Enfance et Influences Musicales :
Né Moussa Diallo le 14 janvier 1975 à Bafoulabé, en République du Mali, Capitaine Balla est le fils de feu Yirikoro Diallo et d’Adiaratou Traoré. Sa mère, chanteuse, a participé à la semaine régionale au Mali, et ses chants et mélodies ont bercé son enfance, instillant en lui un profond amour pour la musique. À l’âge de 6 ans, il a rejoint ses parents à Zuenoula, en Côte d’Ivoire, où il a effectué les classes de CP1 et CP2. Par la suite, la famille a déménagé à Divo, où il a poursuivi sa scolarité. Bien qu’il ait arrêté ses études au CM2, son amour pour la lecture l’a poussé à ouvrir un kiosque à journaux et à s’adonner à la lecture, ce qui explique la vaste culture générale dont il bénéficie.
En Côte d’Ivoire, Moussa Diallo a découvert son talent pour l’écriture de chansons, créant des textes pour ses camarades. Il a été profondément influencé par les chansons de légendes africaines telles que Salif Keïta et Alpha Blondy. Son amour pour le reggae a véritablement pris racine en Côte d’Ivoire.

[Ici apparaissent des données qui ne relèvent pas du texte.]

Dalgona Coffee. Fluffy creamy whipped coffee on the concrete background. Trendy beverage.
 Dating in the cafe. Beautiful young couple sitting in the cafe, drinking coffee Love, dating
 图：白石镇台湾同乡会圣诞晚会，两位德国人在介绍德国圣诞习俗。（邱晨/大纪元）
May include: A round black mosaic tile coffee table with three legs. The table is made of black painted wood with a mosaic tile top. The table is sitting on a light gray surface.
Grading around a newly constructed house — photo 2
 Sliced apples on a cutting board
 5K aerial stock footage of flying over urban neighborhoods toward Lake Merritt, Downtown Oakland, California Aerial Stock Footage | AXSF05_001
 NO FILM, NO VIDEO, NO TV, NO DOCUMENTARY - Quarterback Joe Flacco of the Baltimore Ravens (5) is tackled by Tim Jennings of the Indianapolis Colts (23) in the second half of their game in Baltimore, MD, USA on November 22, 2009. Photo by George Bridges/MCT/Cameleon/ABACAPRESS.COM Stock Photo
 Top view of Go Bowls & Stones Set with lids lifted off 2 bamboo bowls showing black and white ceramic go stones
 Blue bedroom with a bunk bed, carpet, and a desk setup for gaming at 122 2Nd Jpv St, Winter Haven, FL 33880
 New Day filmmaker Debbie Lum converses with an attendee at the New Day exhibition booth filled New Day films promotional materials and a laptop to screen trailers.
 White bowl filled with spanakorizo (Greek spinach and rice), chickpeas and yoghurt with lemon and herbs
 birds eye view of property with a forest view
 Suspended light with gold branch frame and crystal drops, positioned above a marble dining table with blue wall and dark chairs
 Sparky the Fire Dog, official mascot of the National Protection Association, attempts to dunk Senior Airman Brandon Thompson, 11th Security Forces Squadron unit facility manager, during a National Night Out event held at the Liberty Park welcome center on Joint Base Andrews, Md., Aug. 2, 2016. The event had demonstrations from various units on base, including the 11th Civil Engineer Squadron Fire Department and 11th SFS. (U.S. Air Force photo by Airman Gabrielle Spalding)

Formation Musicale et Carrière :
De retour au Mali, Moussa Diallo décide de poursuivre la musique de manière professionnelle. Il rejoint l’orchestre national BADEMBA du Mali autour des années 2004, aux côtés de mentors tels que Harouna Baro, Zani Diabaté, Soro Coulibaly, Sidy Coulibaly, Bastos Touré, Adama Dramé, et Fernand Coulibaly. Capitaine Balla joue avec Zani Diabaté, qu’il appelait affectueusement « Général Z », quatre jours par semaine pendant sept ans au foyer de l’armée de l’air, alors géré par Brazon Coulibaly. Un soir, après une prestation époustouflante de Moussa Diallo, Zani Diabaté décide de le surnommer « Capitaine », marquant ainsi l’origine de son nom d’artiste.
Bien que Capitaine Balla n’ait pas encore sorti d’album, il a publié plusieurs singles qui ont rencontré un grand succès. Parmi eux, « Sosso Ka Farin » disponible sur YouTube, « DIVO » disponible sur YouTube, et « Souaressi » disponible sur YouTube. Actuellement, il est en studio pour la préparation de son premier album.
Engagement Politique et Social :
L’engagement de Capitaine Balla a été forgé à travers les lectures d’écrivains africains, dont les œuvres ont profondément influencé sa vision du monde et son désir de justice sociale. Parmi ses auteurs préférés, il cite volontiers Amadou Hampâté Bâ, auteur de « Oui mon commandant! » et « L’étrange destin de Wangrin », ainsi qu’Ahmadou Kourouma, auteur de « Allah n’est pas obligé ». Ces lectures ont nourri sa réflexion et ont renforcé sa détermination à utiliser sa musique comme un outil de dénonciation des injustices sociales et politiques. Il milite activement contre la corruption et pour un avenir meilleur pour son pays. Ses chansons, imprégnées de messages puissants et de critiques sociales, inspirent et mobilisent les jeunes à s’engager pour le changement.
Projets en Cours :
Actuellement, Capitaine Balla travaille sur son premier album en studio et continue de collaborer avec plusieurs artistes maliens et étrangers. Déterminé à continuer à utiliser sa musique pour faire avancer la cause du Mali, il s’implique dans divers projets reflétant son engagement constant pour la justice et l’égalité.
Conclusion :
Capitaine Balla n’est pas seulement un artiste, mais aussi une voix pour les sans-voix, un symbole de résilience et d’espoir. Son héritage musical et son engagement social continuent d’inspirer et de transformer. À travers sa musique, il montre que l’art peut être un outil puissant de transformation sociale, et il reste une figure incontournable de la scène musicale reggae malienne.